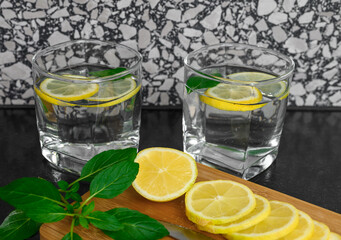 Glasses filled with mineral water with lemon and mint
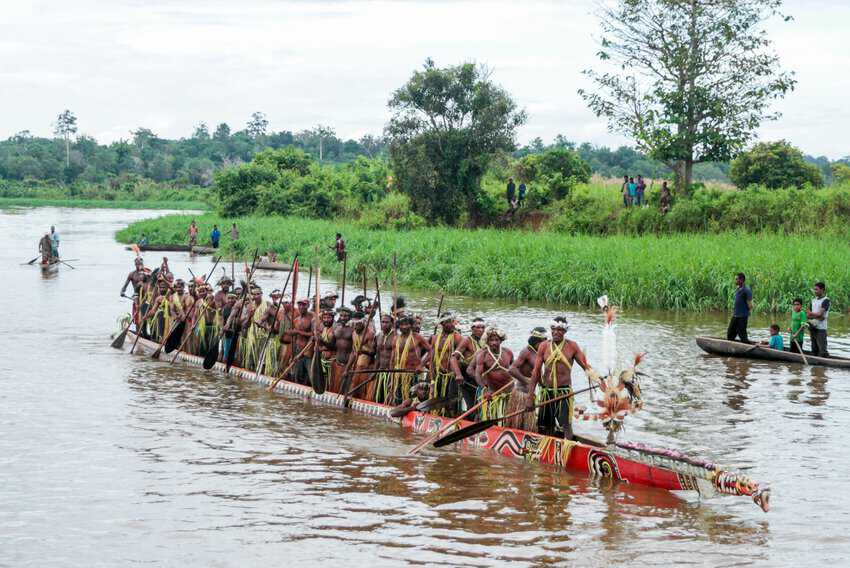 A Gogodala war canoe greets anglers in Western Province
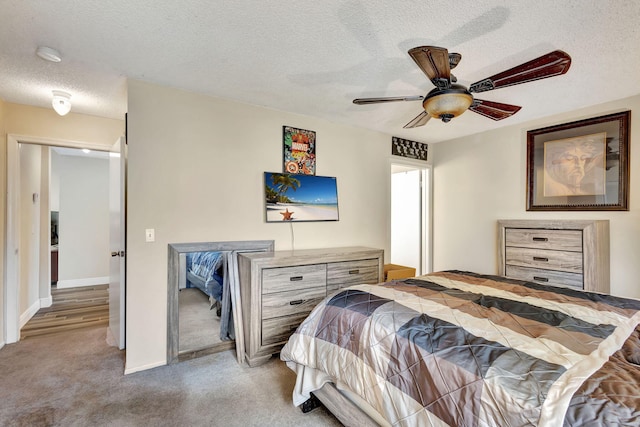 carpeted bedroom with a textured ceiling and ceiling fan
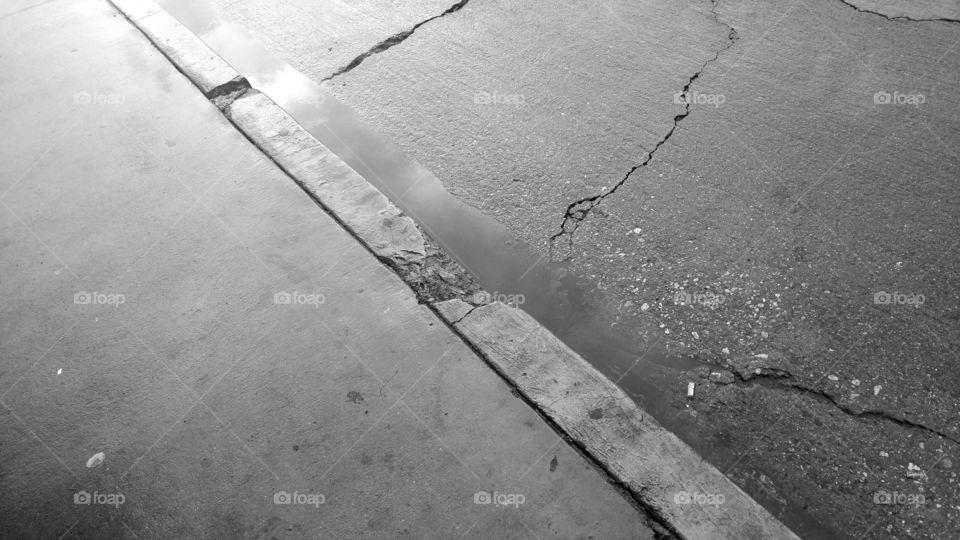 Puddles on a Sidewalk by the Road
···
# Work required
Everything in the material except the pictures should be output verbatim.

# Task solution
 Glasses filled with mineral water with lemon and mint
 A Gogodala war canoe greets anglers in Western Province
 carpeted bedroom with a textured ceiling and ceiling fan
 Puddles on a Sidewalk by the Road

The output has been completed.